This also applies to the discussion of a decentralization and / or globalization of the art world and its biennials. Rather than viewing biennials and mega-exhibitions as essential categories having fixed representations and implications, I would suggest this contextual and relational view on them. They offer a stage, surely, but one does not have to follow the script. That is, we can look at their specific placement and relation to their surroundings, each other and the general circulation of discourse through the art world. What is, for instance, the relationship between site-specific art projects and the notion of the local, the relationship between site-specific projects and tourism, and, finally, between tourism and migration? Often site-specific projects not only bring a cultural value to remote areas, and interact with the local in a displacement of art from the centres to the margins, but they also bring financial rewards to the site in terms of increased tourism. And the same can of course be stated about international biennials and other recurrent mega-exhibitions. But the notion of tourism should not be separated from another form of travel that brings about cultural exchange and interaction, that is, migration. The differentiation between these two kinds of travel not only indicates the content of these forms of travel, but also their contexts; tourism indicates legalized travel and spending, usually from richer countries to other rich countries and / or poor countries. Tourism equals income and enlightenment, consumption and information – just like in a biennial. Migration, on the other hand, is nowadays mostly illegal, and usually viewed as unwelcome as it is unprofitable and culturally alien. One only has to watch the literal fence on the us side of the us-Mexican border, or the establishment of an internal open market in Europe while its external borders, especially against North Africa and the Middle East, are increasingly guarded and closed, turning the European Union into a European Fortress.
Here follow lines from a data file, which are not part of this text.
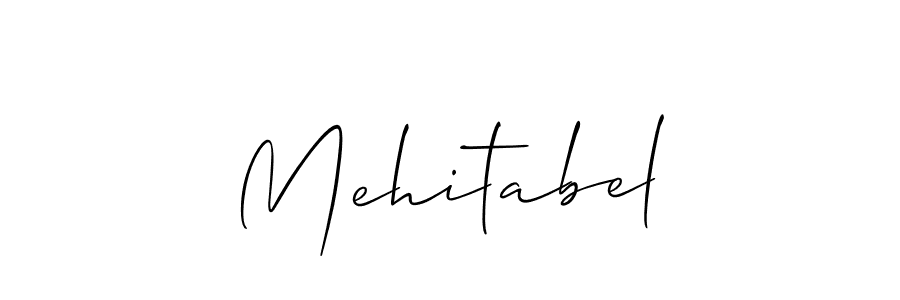 Use a signature maker to create a handwritten signature online. With this signature software, you can design (Allison_Script) your own signature for name Mehitabel. Mehitabel signature style 2 images and pictures png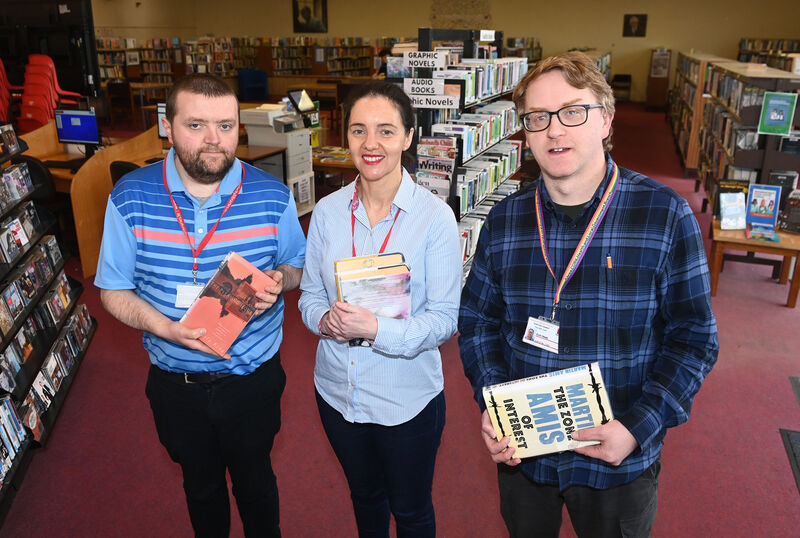 Eoin Healy, library assistant; Caroline Lynch, senior librarian and Donal O'Driscoll, senior librarian at Mayfield library. Picture; Eddie O'Hare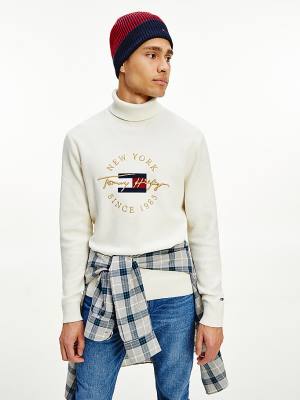 White Tommy Hilfiger Icons TH Flex Roll Neck Jumper Men's Sweaters | TH635GEH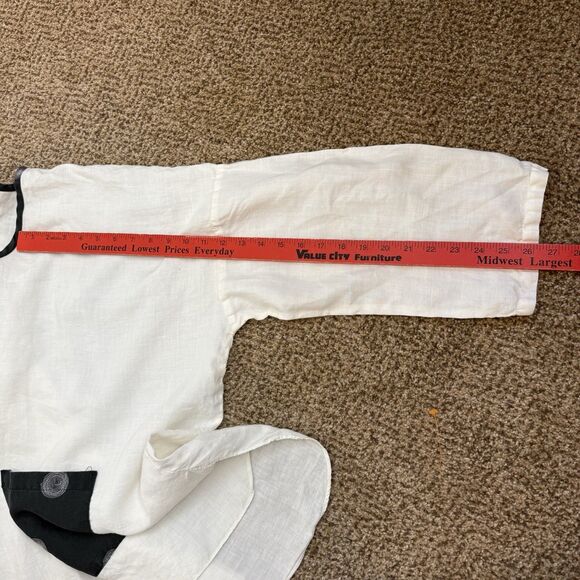 LA Fixsun Linen Tunic Top Womens S Oversized Lagenlook Minimalist Polka Dots - Picture 12 of 13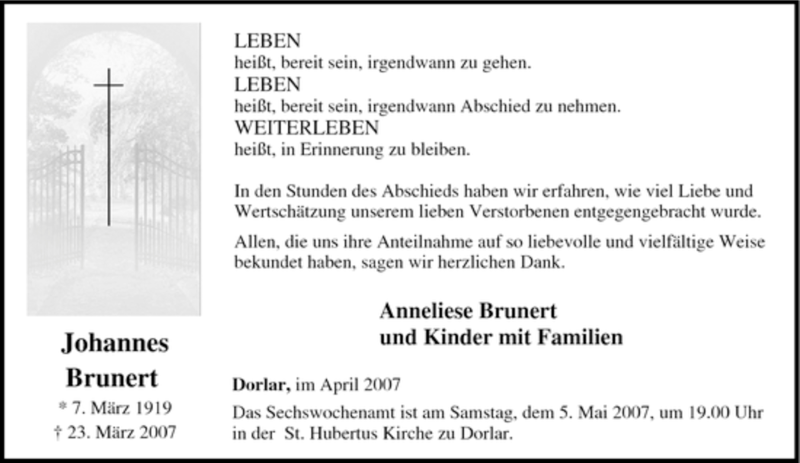 Traueranzeige für Johannes Brunert vom 28.04.2007 aus Tageszeitung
Global flows are not only voluntary, as art tourism supposedly is, but also brought about by the same structures and strictures of global capitalism that produce the demand for city-branding and the surge towards monopoly rent. The art world, for instance, is not so much multicultural, as it is multicentred, hence the global spread of the biennial phenomena, but also the seeming interchangeability of participating artists without any shifts of signification. Perhaps, then, interconnectedness should be foregrounded over the uniqueness of place? Perhaps we should think in what Sathya Rao, a network scientist from India, has called ‘Non-Colonial translation’, and its non-homogeneous and even chaotic space without residues of the colonial original, and without any unifying textual-ontological plane of reference?7 In this way art and its institutions can become public platforms that relate not only to a more or less centralized art world, but also to other fields of knowledge and modes of production in a society that seems more and more specialized and fragmented, thus creating several public, semi-public and even counter-public spheres within the existing ones. From such formulated platforms we can relate to other spaces and spheres, indicating that biennials are not predominantly to be seen as utopias, but rather as heterotopias, capable of maintaining several contradictory representations within a single space. Obviously, biennials are part of (inter)national cultural hegemonies as well as city-branding and the creation of monopoly rents, but that does not mean that they can only represent these features, or that they can only affirm them. Indeed, they can question them by highlighting them, as well as by creating other possible connections, other ways of concepts for stranger sociability and senses of place and placement. It is improbable that a biennial can exist without taking part in such processes of capital accumulation (both symbolic and real, of course), so the question is rather, can they do something else simultaneously? That is, can they produce something other than merely more symbolic-turned-real capital for the involved cultural producers, curators and artists alike, something else in terms of interconnected global political transaction and translation? While biennials remain spaces of capital, they are also spaces of hope.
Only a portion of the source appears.